Inconsistency in the supply of picking crabs during the summer and fall seasons impacts processors’ bottom line as well.  To remain competitive, processors ship live hard crabs to the “basket market” in the northern Virginia and Maryland where there has been an established tradition of eating fresh-cooked, whole crabs in restaurant trade.


Due to natural supply fluctuations, you will find fresh, hand-picked Atlantic blue crab meat in coastal retail seafood outlets and restaurants in-season.  Processors pasteurize Atlantic blue crab meat during the summer months for sale in the winter and spring.

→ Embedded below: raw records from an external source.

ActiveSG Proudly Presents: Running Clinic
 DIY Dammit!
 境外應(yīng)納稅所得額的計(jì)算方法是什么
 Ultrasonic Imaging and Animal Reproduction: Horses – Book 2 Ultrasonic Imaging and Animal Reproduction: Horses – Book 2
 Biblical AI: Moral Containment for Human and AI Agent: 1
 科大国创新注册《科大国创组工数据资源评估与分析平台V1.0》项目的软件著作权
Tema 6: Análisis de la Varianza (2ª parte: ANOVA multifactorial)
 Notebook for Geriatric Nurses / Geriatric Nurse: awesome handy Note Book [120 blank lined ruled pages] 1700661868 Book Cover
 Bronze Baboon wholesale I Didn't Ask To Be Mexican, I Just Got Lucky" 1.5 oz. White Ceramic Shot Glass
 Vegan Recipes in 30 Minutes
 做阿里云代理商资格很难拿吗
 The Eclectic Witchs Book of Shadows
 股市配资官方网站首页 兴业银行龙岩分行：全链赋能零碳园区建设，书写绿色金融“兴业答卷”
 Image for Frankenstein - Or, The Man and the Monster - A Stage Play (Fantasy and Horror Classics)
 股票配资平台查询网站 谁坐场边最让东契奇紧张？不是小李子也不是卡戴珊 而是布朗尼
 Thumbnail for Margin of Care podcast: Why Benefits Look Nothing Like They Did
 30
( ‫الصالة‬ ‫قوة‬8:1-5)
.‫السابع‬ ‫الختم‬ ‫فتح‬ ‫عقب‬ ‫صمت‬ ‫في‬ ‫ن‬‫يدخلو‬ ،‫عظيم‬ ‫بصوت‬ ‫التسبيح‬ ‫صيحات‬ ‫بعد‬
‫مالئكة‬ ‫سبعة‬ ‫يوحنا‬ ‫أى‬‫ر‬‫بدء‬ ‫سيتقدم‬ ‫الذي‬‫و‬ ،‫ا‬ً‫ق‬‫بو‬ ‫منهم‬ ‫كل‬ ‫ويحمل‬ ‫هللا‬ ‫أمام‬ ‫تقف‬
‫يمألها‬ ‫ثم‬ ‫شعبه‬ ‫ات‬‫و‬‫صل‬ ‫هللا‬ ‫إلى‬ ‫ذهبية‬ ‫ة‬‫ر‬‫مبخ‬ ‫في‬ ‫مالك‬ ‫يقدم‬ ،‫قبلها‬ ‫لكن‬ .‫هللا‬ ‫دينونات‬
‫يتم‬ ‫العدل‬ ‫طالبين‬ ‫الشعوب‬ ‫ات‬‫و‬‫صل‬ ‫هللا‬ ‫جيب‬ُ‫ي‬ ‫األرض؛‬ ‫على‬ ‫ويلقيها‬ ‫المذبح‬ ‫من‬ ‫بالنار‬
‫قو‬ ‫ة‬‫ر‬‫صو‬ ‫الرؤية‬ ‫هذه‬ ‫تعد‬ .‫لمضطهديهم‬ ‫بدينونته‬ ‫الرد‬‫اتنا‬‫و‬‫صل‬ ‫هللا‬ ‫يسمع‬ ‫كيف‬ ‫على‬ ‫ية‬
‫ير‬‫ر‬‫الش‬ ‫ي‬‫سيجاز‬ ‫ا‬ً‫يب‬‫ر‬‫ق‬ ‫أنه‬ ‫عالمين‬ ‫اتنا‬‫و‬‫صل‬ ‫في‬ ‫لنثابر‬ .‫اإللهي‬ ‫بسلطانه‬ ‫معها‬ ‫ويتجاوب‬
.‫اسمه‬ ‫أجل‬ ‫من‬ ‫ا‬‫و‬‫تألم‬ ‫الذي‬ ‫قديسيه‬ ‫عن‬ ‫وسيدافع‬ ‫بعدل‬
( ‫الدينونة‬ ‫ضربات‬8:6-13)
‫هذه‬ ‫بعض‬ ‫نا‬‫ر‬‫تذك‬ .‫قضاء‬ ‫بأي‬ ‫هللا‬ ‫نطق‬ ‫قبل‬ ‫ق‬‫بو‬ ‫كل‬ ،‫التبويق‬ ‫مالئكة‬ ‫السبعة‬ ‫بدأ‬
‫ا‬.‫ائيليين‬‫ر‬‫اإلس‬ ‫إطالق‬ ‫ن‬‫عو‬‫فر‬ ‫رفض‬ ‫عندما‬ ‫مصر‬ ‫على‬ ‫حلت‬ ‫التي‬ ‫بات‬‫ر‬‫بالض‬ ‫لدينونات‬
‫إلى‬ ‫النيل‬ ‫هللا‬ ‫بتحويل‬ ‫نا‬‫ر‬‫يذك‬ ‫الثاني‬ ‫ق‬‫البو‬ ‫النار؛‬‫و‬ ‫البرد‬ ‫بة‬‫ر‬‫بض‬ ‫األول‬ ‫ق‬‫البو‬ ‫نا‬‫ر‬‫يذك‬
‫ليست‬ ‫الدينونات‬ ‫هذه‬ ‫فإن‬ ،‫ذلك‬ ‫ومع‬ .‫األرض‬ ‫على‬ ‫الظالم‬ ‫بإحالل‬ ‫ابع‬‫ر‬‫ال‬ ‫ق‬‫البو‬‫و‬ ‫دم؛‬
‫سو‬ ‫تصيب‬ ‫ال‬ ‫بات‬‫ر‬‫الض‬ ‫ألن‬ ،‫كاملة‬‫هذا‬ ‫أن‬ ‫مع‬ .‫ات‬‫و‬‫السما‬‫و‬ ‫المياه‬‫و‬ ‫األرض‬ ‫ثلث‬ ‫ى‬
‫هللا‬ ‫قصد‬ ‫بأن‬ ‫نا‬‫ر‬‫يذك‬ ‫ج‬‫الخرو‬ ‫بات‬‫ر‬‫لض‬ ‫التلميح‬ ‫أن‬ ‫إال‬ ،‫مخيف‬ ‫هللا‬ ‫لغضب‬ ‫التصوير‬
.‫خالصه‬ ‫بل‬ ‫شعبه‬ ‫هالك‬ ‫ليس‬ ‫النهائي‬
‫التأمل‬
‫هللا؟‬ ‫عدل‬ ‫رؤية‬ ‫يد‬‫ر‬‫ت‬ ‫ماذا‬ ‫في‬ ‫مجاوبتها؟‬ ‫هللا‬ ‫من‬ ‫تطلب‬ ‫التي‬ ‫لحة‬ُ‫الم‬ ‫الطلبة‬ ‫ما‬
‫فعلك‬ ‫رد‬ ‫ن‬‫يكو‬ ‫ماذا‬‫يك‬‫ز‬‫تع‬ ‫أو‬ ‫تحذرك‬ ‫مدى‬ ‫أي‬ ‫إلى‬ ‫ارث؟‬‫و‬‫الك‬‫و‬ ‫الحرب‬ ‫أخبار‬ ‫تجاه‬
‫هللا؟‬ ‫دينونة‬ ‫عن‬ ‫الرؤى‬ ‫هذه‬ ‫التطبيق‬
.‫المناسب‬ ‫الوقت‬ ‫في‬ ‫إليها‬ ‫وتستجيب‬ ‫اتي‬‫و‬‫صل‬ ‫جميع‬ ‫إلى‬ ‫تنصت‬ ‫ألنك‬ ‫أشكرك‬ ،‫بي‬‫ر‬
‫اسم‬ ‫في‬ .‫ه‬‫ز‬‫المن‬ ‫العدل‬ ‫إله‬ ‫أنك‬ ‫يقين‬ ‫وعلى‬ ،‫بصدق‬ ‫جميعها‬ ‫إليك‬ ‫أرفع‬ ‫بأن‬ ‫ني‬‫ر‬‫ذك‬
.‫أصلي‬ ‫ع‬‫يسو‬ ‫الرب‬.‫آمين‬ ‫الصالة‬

Be sure to check your supplier’s state certification number to identify the vendor and origin of your crab meat. Cherish your fresh, hand-picked North Carolina crab meat whenever available.

Contributed by Barry Nash
Based on interviews with Don Cross of Pamlico Packing Company and Steve Murphey of NC Shellfish Sanitation – Morehead City office

3 responses to “The North Carolina Atlantic Blue Crab Industry”

  1. Deborah Dixon says:

    Hello – I wanted to ask what the current number of crab houses is (2010), and why the recent difficulty over getting H-2B visas? Thanks.

  2. Barry Nash says:

    According to the NC Department of Environment & Natural Resources, one of the state agencies that regulates crab processors, 12 businesses were certified in 2010 to process crabmeat. The difficulty the processors have had in securing visas for foreign laborers had to do with larger security concerns in Washington, DC about approving the travel of foreign nationals to the United States. This year, visas have been easier for the industry to obtain.

  3. Deborah Dixon says:

    Thank you! This is such a shame; many of the smaller plants strove so hard to maintain profitability. I wonder, is there a way to access the number certified per year and to map them out across space? I speak as a geographer here. I’ve gone to the NC Dept of Env and Nat Res web-page but can’t find such in-depth stats.